EPA, Maryland Settle with 16 Companies for Cleanup of Central Chemical Superfund Site

Aug. 18, 2015
The companies will reimburse EPA $945,000 for past costs and reimburse EPA for future costs related to its ongoing oversight of the cleanup

The U.S. Environmental Protection Agency (EPA) announced a settlement involving 16 companies that have agreed to stabilize and cap waste and contaminated soils at the Central Chemical Superfund site in Hagerstown, Md., for more than $14.3 million. In addition, the companies will reimburse EPA $945,000 for past costs and reimburse EPA for future costs related to its ongoing oversight of the cleanup.

“This settlement will fund a protective long-term solution to safely contain contaminated soils and waste on site,” said EPA Regional Administrator Shawn M. Garvin. “This remedy will protect the groundwater from further contamination by the wastes in the soil.”

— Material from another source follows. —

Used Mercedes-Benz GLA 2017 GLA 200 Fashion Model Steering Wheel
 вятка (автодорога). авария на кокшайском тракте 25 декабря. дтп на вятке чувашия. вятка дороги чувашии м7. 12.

The 16 companies include: Arkema Inc.; Bayer Cropscience LP; FMC Corp.; Honeywell International Inc.; Lebanon Seaboard Corp.; Montrose Chemical Corp. of California; Occidental Chemical Corp.; Olin Corp.; Rohm and Haas Co.; Rhone-Poulenc; Shell Oil Co.; Syngenta Crop Protection, LLC; The Chemours Company FC, LLC; Union Carbide Corp.; Wilmington Securities Inc.; and 21st Century Fox America Inc.

The EPA-approved cleanup plan for contaminated soils and waste at the Central Chemical site includes on-site solidification and stabilization of a former waste lagoon; excavation, consolidation and capping of contaminated soils; and the installation of a ground water treatment system. EPA and the companies are still investigating cleanup of contaminated groundwater at the site.

From the early 1930s until the mid-1980s, Central Chemical Corp. blended agricultural pesticides and fertilizers at its Hagerstown facility. The pesticide blending operation involved mixing inert materials with pesticides manufactured elsewhere to produce commercial-grade products. Contaminants found at the site include pesticides and heavy metals.

The proposed consent decree, of which the state of Maryland is a party along with EPA, is subject to a 30-day public comment period and court approval.